So much for Toyota's much pumped dysprosium free motor , they're...

So much for Toyota's much pumped dysprosium free motor ,  they're still only good for low-temp applications and cutting costs by cutting the amount of NdPr usage in them.  I guess the downramper got overexcited reading the first paragraph and missed out the last one : "Dysprosium is still required in magnets for NEVs and other high-temperature applications to maintain performance."

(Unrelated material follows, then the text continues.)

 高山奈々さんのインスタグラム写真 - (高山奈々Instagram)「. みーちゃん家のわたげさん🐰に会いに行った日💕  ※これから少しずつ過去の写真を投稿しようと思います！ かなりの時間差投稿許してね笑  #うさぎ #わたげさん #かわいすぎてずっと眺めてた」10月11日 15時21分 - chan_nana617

Rare earths: Toyota develops lower-neodymium NdFeB magnets
Posted on 26th February 2018 in General News, Roskill Weekly Round-up

A media storm developed this week surrounding Toyota’s announcement that it is developing NdFeB magnets using the abundant light rare earths lanthanum and cerium to replace up to half of the use of heavier neodymium and to replace, entirely, the use of dysprosium and terbium.
The magnets are expected to be rolled out, initially, in the power steering of Toyota vehicles and in other traditional automotive applications during the first half of the 2020s. Many media outlets have failed to note, however, that use of this new technology in higher-performance magnets for the drivetrain of electric vehicles (EVs) will come later, possibly sometime ‘within the next 10 years’. In the meantime, Toyota plans to work on further enhancement of magnet performance.

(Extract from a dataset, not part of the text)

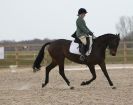 Image 108 in DRESSAGE. ICENI  SPORT  HORSES  AT  MARTHAM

Simple replacement of neodymium with lanthanum/cerium typically results in a reduction of coercivity at high temperatures. To maintain coercivity, Toyota has implemented three technological developments: grain refinement, a two-layered high-performance grain surface, a specific alloying ratio for lanthanum and cerium.

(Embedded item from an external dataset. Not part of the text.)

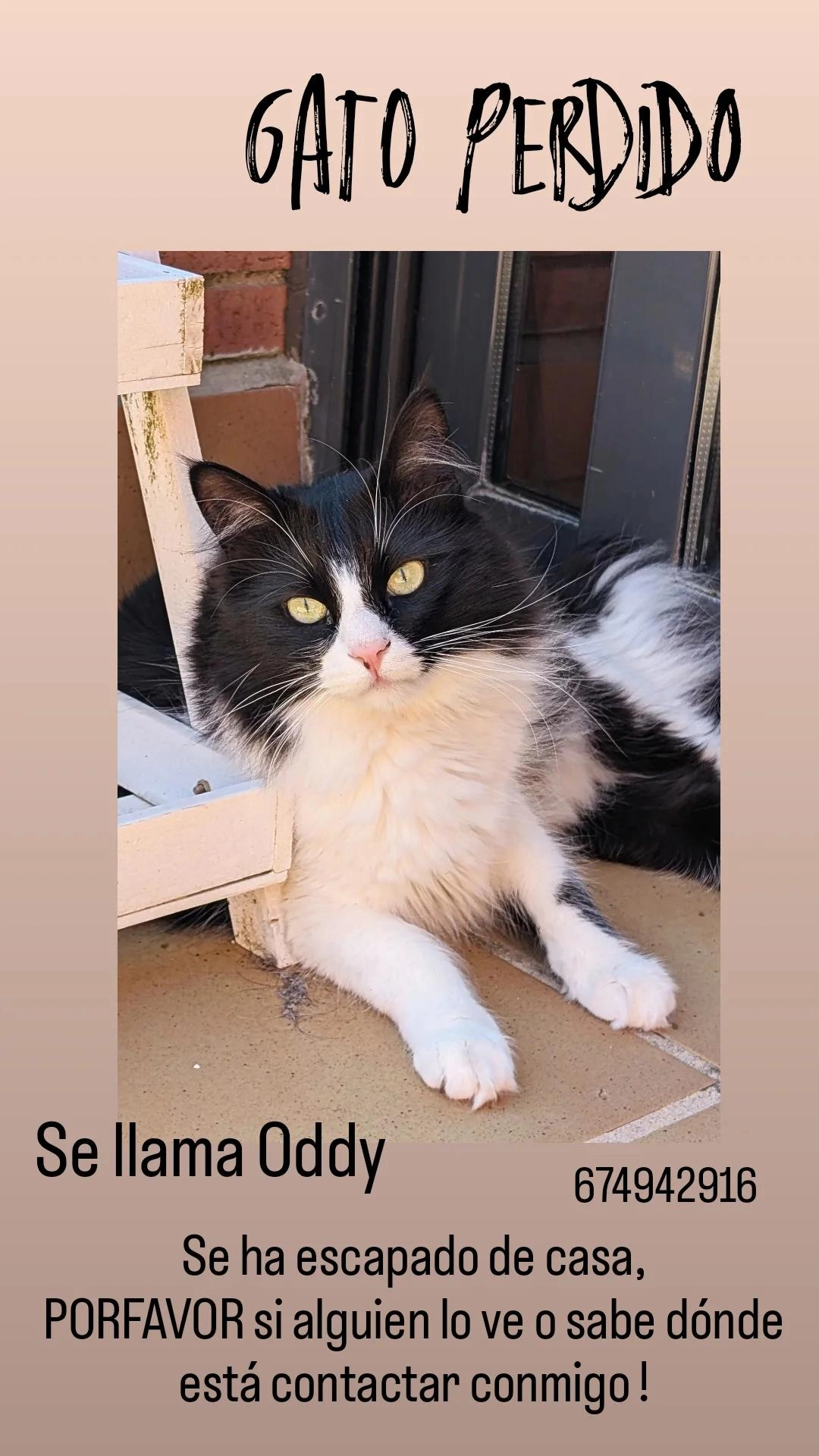 Oddy - Carrer de la Maquinista, Barcelona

Roskill view: Excitement has stemmed from growing concern over a rising neodymium deficit that is currently being met by stocks. Rare earths, mainly neodymium, make up around a third of the weight of NdFeB magnets. Small size NdFeBs are used in a wide range of applications, but it is the increasing use of large size NdFeBs (weighing up to several kgs) in EV drivetrains and, to a lesser extent, wind turbines, that is widening the gap between neodymium supply and demand.
The use of dysprosium in NdFeB magnets for low-temperature applications (such has wind turbines) has already been significantly reduced or removed entirely. Dysprosium is still required in magnets for NEVs and other high-temperature applications to maintain performance. Use of terbium in NdFeBs has effectively been removed for a number of years.